Das verlangsamt den die Rotationsgeschwindigkeit und führt zum reißen der Latte mit dem Bein.
Man sieht bei Avant auch deutlich, dass er das Nachziehbein angewinkelt lässt und es etwas nach außen gedreht über die Latte bringt.
Es sind ja im Prinzip auch nur etwa 270 grad der Drehung.


RE: zur Hochsprungentwicklung - gera - 21.10.2019

die Diskussion , ob die " Hay-Technik " eine Weiterentwicklung des Hochsprungs sein könnte, ist von mir selbst nicht gut geführt worden.
Es muss eine begriffliche Trennung zwischen "Avant" und " Hay " gemacht werden.
" Hay " ist quasi ein gebückter Salto vörwärts über die Latte , die Beine bleiben gestreckt, es wird eine extreme Klappmesserposition des Körpers eingenommen, um den KSP ( rechnerisch) möglichst tief unter die Latte zu bekommen.
Avant dagegen sprang mit unterschiedlich gebeugten Beine in Vorwärtsrotation über die latte.
Es sind also 2 verschiedene Technikmodelle.
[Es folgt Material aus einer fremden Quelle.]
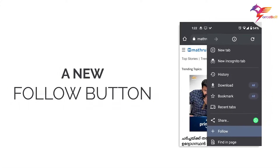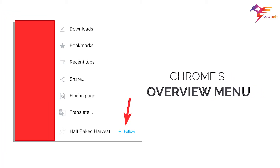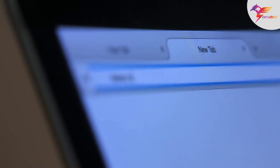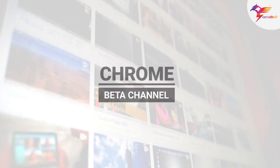Google Chrome is experimenting with a new Follow button. This new feature can be seen in Chrome's overview menu. The web browser is in its testing phase of the new feature available on Android devices. Before reaching the stable phase of the feature, Google will add it to Chrome Canary and then move it to the Chrome beta channel.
Dr.Killing schreibt in seinem Hochsprungbuch dazu, dass die Klappmesserposition praktisch nicht auflösbar ist.
Andere Sportwissenschaftler sagen, die Technik widerspricht dem " Erhaltungssatz des Gesamtdrehimpulses"

Versteht das einer ?

Ich habe nochmal überprüft, mit einem anderen Gedankenansatz.
Und zwar erreicht der Springer nach 0,5 sec. seine maximale Höhe in der Flugkurve.Danach sinkt der KSP wieder.
In dieser max.Zeit von 0,5 sec. muss der Athlet in der lage sein, die notwendigen Drehungen auszuführen, um alle Extremitäten über die Latte zu bekommen. Ist die Zeit für die notwendige Drehung größer 0,5 , wirft der Springer mit seinen Beinen die latte runter, er kann den Sprung nicht erfolgreich beenden.
Über den erzeugten Drehimpuls/das Trägheitsmoment und die Winkelgeschwindigkeit errechnet sich die nötige Zeit mit 0,6 sec. , zuviel um die gestreckten Beine über die latte zu drehen.
Grund für die Unmöglichkeit der praktischen Anwendung von " Hay " sind die gestreckten Beine und das so erzeugte sehr große Trägheitsmoment der Drehung.
Anders bei " Avant<<< der sprang mit unterschiedlich gebeugten Beinen über die latte, und steuert so die Winkelgeschwindigkeit der Drehung erfolgreich.

" Hay " geht also nicht , " Avant " schon.

Der 2.Vorteil der immer wieder hervorgeholten Hay-Technik soll der große negative  h 3 - Wert sein ,bis minus 30 cm geschrieben. Wäre zu schön, wenn es denn so wäre. Berechnungen des KSP haben ergeben dass der max. h 3-Wert = Lattenüberhöhung  nur bei  minus  13 cm liegen kann , und das auch nur wenn die praktisch nicht ausführbare Klappmesserposition eingenommen wird.

Hay als Möglichkeit der weiteren Steigerung der Hochsprungleistungen kann man also wirklich vergessen.

Soviel zur Richtigstellung bzw. Konkretisierung.